The US Supreme Court added 13 cases to its docket for the October 2019 term Friday, including three cases challenging the Trump administration’s decision to terminate the Deferred Action for Childhood Arrivals (DACA) program that protected undocumented immigrants who arrived in the US as children from deportation. The court also denied review of an Alabama abortion law.

The three DACA cases have been consolidated for one hour of oral argument: Department of Homeland Security v. Regents of the University of California, Trump v. NAACP and McAleenan v. Vidal. The court is asked to decide first, whether the decision to end DACA is judicially reviewable, and, if so, whether the decision is lawful.

In Marshall v. West Alabama Women’s Center, the court declined to review an appeals court decision invalidating an Alabama state law prohibiting dilation and evacuation abortions, the most common second-trimester abortion procedure. The denial allows the lower court ruling to stand. Justice Clarence Thomas wrote a separate concurrence, noting that, “The notion that anything in the Constitution prevents States from passing laws prohibiting the dismembering of a living child is implausible.”

In Kelly v. United States the court will hear a case surrounding the so-called “Bridgegate,” in which staff for New Jersey Governor Chris Christie colluded to change traffic patterns on the George Washington Bridge in order to create traffic jams in Fort Lee, New Jersey. Former Christie staffer Bridget Kelly was convicted and sentence to 18 months for her role in the scandal. In this case, the court is asked to determine whether “a public official ‘defraud[s]’ the government of its property by advancing a ‘public policy reason’ for an official decision that is not her subjective ‘real reason’ for making the decision.”

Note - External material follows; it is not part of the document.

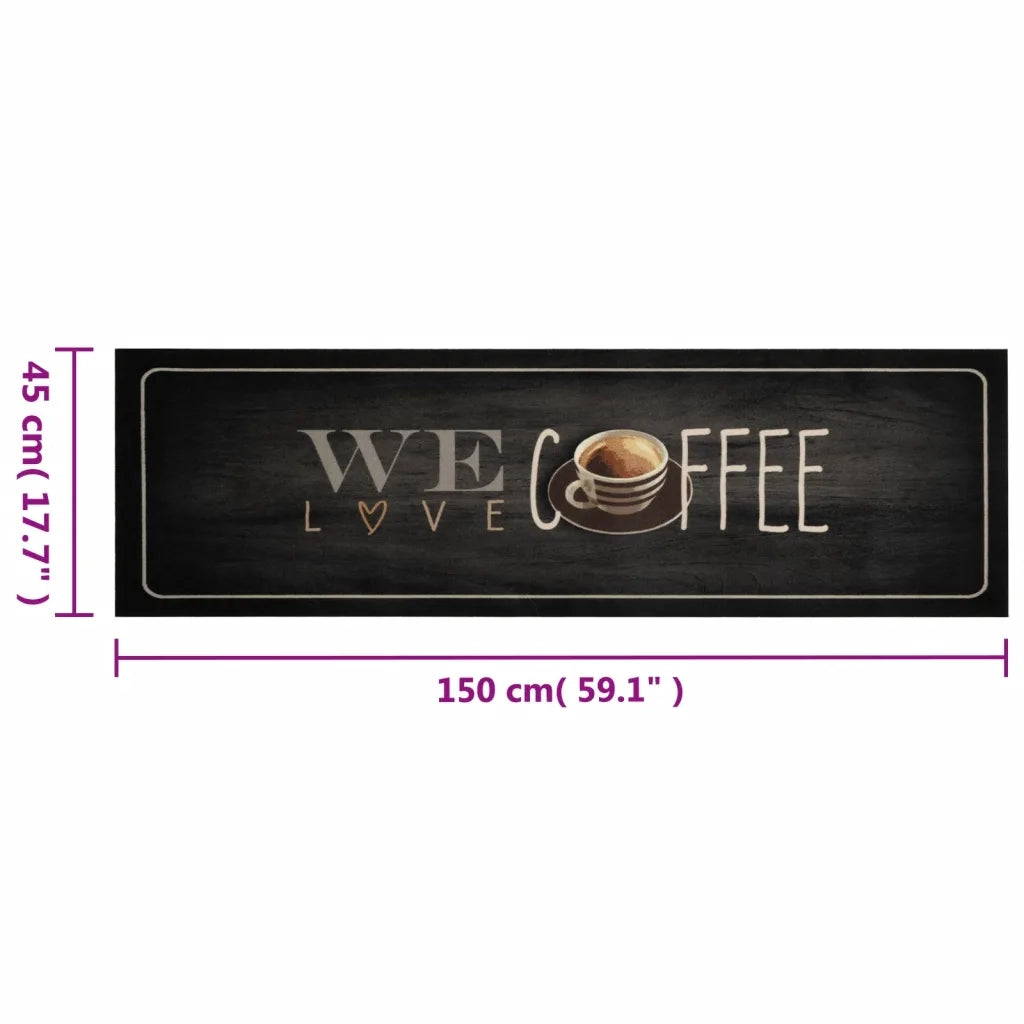 Tappeto da Cucina Lavabile-Tappetino da Cucina Testo Caff¨¨ 45x150 cm in Velluto 853409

In Espinoza v. Montana Department of Revenue the court will consider a challenge over public funding for parents who opt to send their children to religious schools. The issue facing the court is whether “it violate[s] the Religion Clauses or Equal Protection Clause of the United States Constitution to invalidate a generally available and religiously neutral student-aid program simply because the program affords students the choice of attending religious schools.”

Opati v. Republic of Sudan is a case stemming from the 1998 bombing of the US Embassies in Kenya and Tanzania. The court limited the grant to question 2: “Whether, consistent with this Court’s decision in Republic of Austria v. Altmann … the Foreign Sovereign Immunities Act applies retroactively, thereby permitting recovery of punitive damages under 28 USC § 1605A(c) against foreign states for terrorist activities occurring prior to the passage of the current version of the statute.”

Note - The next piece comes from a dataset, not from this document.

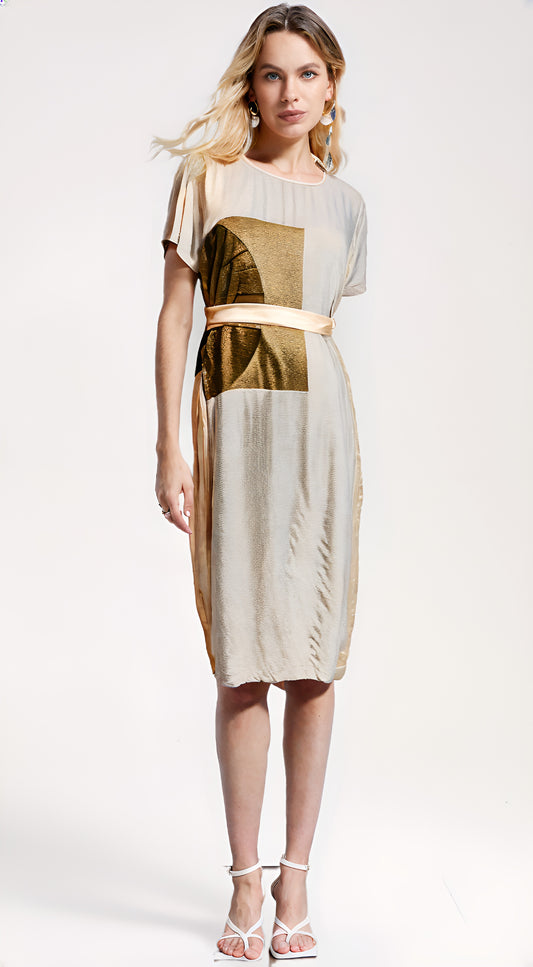 Abstract Elegance Belted Dress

In Thole v. U.S. Bank, N.A. the court will decide two questions posed in the petition: “1. May an ERISA plan participant or beneficiary seek injunctive relief against fiduciary misconduct under 29 USC 1132(a)(3) without demonstrating individual financial loss or the imminent risk thereof? 2. May an ERISA plan participant or beneficiary seek restoration of plan losses caused by fiduciary breach under 29 USC 1132(a)(2) without demonstrating individual financial loss or the imminent risk thereof?” The court also directed the parties to address the question of whether petitioners have demonstrated Article III standing.

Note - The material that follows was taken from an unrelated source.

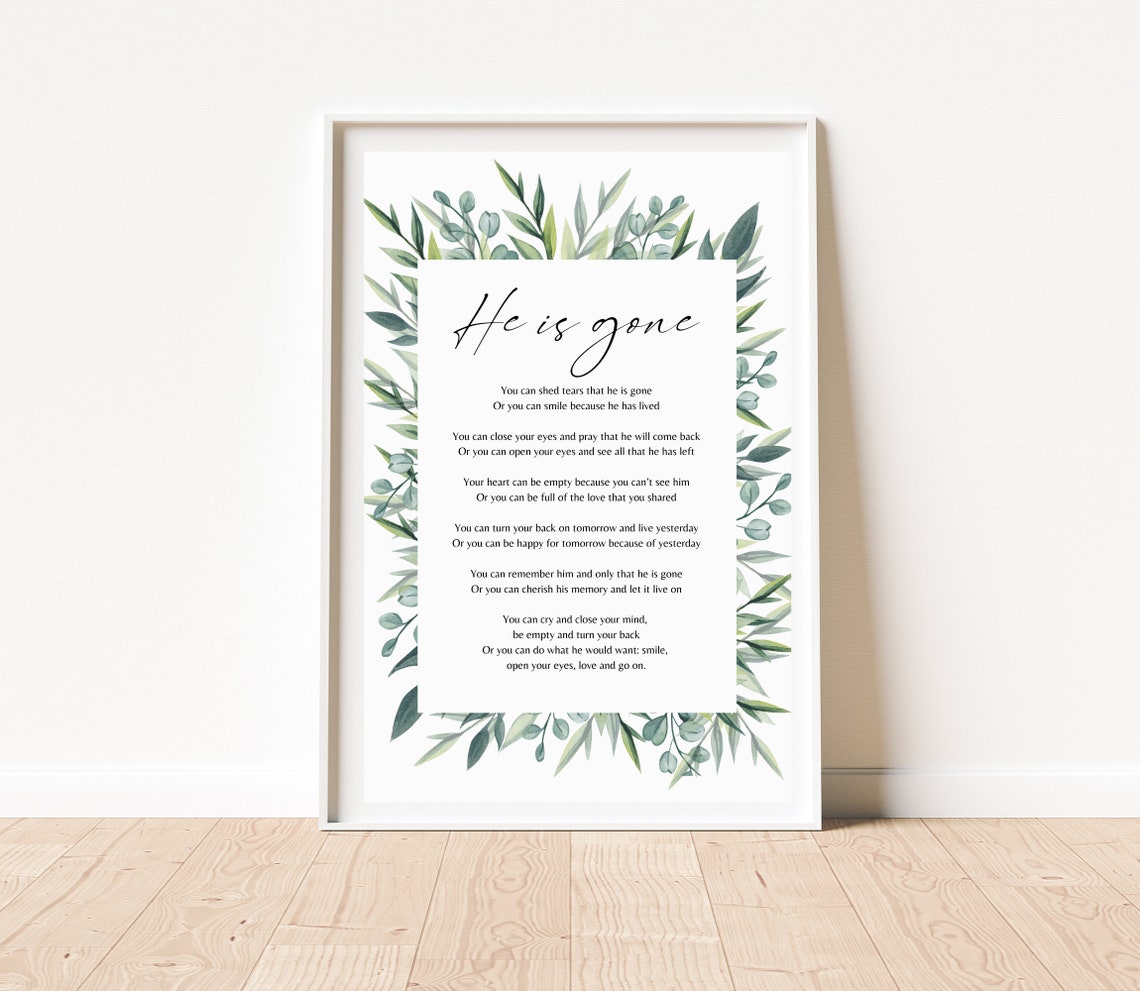 He Is Gone Greenery Watercolor Border Sympathy Memorial Poem Poster - Image 2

In Babb v. Wilkie the court will determine “whether the federal-sector provision of the Age Discrimination in Employment Act of 1967, which provides that personnel actions affecting agency employees aged 40 years or older shall be made free from any ‘discrimination based on age,’ … requires a plaintiff to prove that age was a but-for cause of the challenged personnel action.”

In GE Energy Power Conversion France SAS v. Outokumpu Stainless USA LLC the court must decide “whether the Convention on the Recognition and Enforcement of Foreign Arbitral Awards (the New York Convention) permits a non-signatory to an arbitration agreement to compel arbitration based on the doctrine of equitable estoppel.”

In Lucky Brand Dungarees Inc. v. Marcel Fashion Group Inc. the court has been asked to decide “whether, when a plaintiff asserts new claims, federal preclusion principles can bar a defendant from raising defenses that were not actually litigated and resolved in any prior case between the parties.”

In Romag Fasteners Inc. v. Fossil Inc. the court will consider “whether, under section 35 of the Lanham Act, 15 USC § 1117(a), willful infringement is a prerequisite for an award of an infringer’s profits for a violation of section 43(a), id. § 1125(a).”

In Rodriguez v. Federal Deposit Insurance Corp. the court will determine “whether courts should determine ownership of a tax refund paid to an affiliated group based on the federal common law ‘Bob Richards rule.'”

Finally, in Shular v. United States the court will decide “whether the determination of a ‘serious drug offense’ under the Armed Career Criminal Act requires the same categorical approach used in the determination of a ‘violent felony’ under the Act?’

Also Friday, the court denied review in McGee v. McFadden, drawing a dissent from Justice Sonia Sotomayor. The case concerned a life sentence where the state failed to disclose evidence.